* [Input records]:
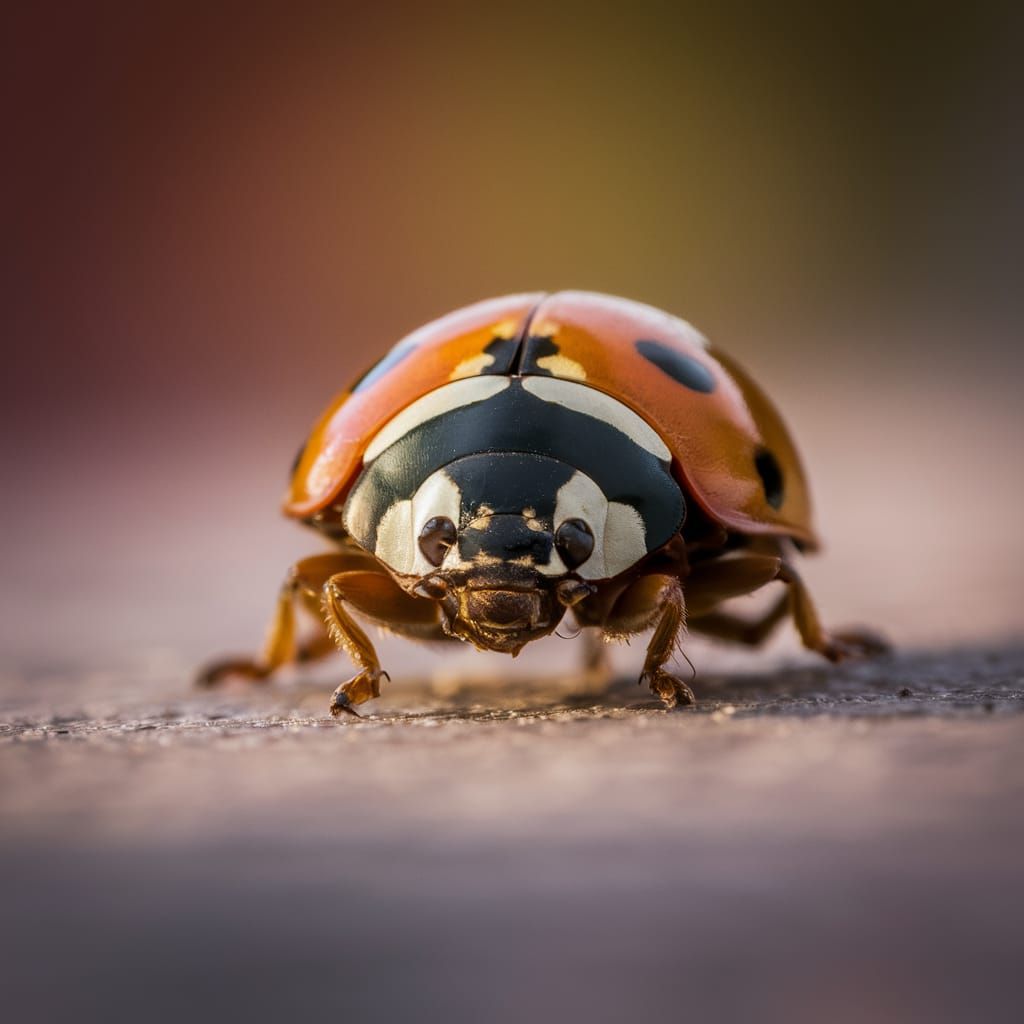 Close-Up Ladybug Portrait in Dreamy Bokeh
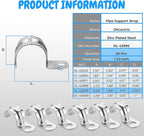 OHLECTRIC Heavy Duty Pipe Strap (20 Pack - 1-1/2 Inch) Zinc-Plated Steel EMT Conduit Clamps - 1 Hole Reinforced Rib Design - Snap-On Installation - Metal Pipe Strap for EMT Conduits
==
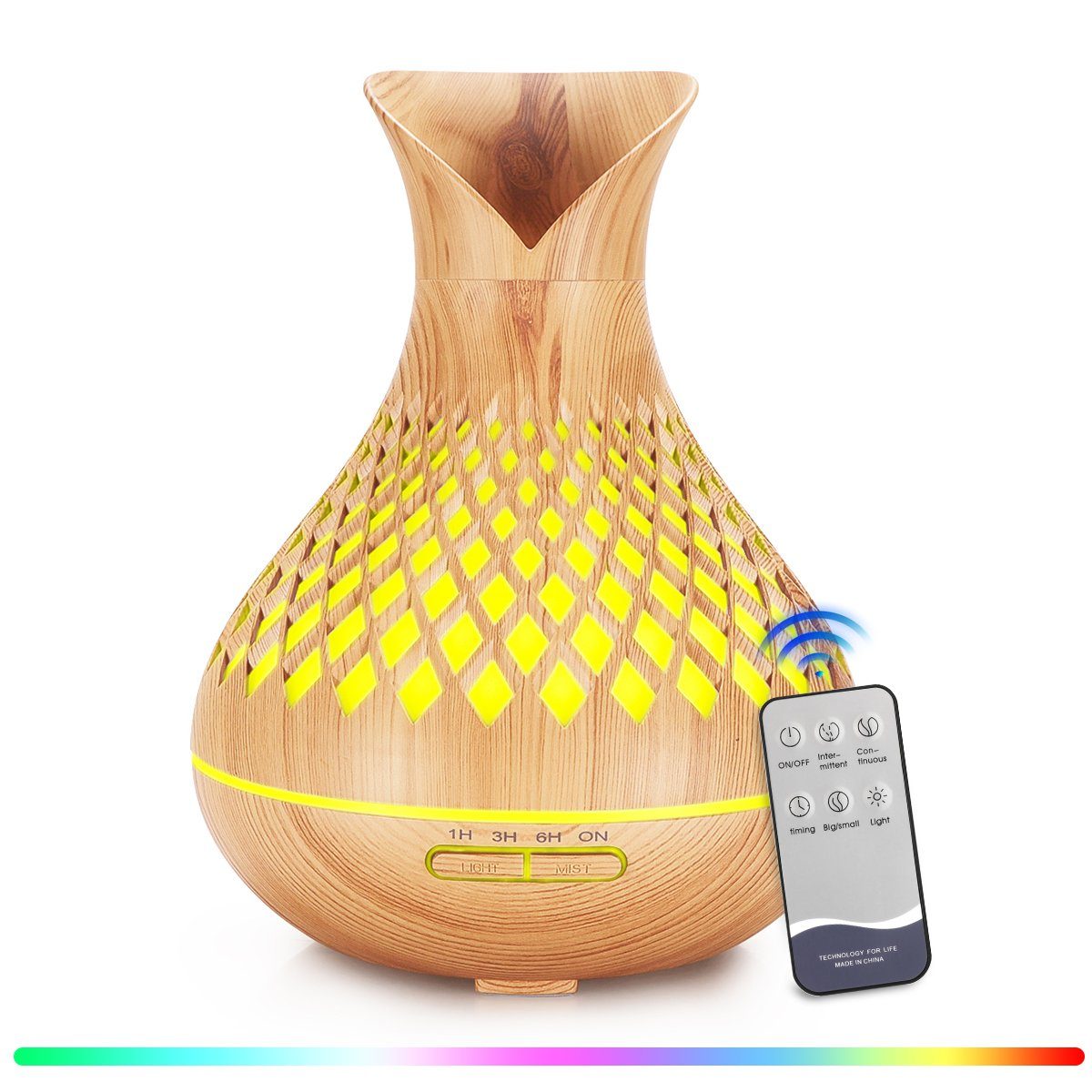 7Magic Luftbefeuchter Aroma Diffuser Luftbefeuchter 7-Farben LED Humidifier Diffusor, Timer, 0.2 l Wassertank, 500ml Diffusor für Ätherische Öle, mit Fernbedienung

* [Task goal]: Please output, exactly as written, the lines above from the one holding "Close-Up Ladybug Portrait in Dreamy Bokeh" through the one holding "OHLECTRIC Heavy Duty", both included, with the pictures omitted.

* [Reply to the exercise]:
 Close-Up Ladybug Portrait in Dreamy Bokeh
 OHLECTRIC Heavy Duty Pipe Strap (20 Pack - 1-1/2 Inch) Zinc-Plated Steel EMT Conduit Clamps - 1 Hole Reinforced Rib Design - Snap-On Installation - Metal Pipe Strap for EMT Conduits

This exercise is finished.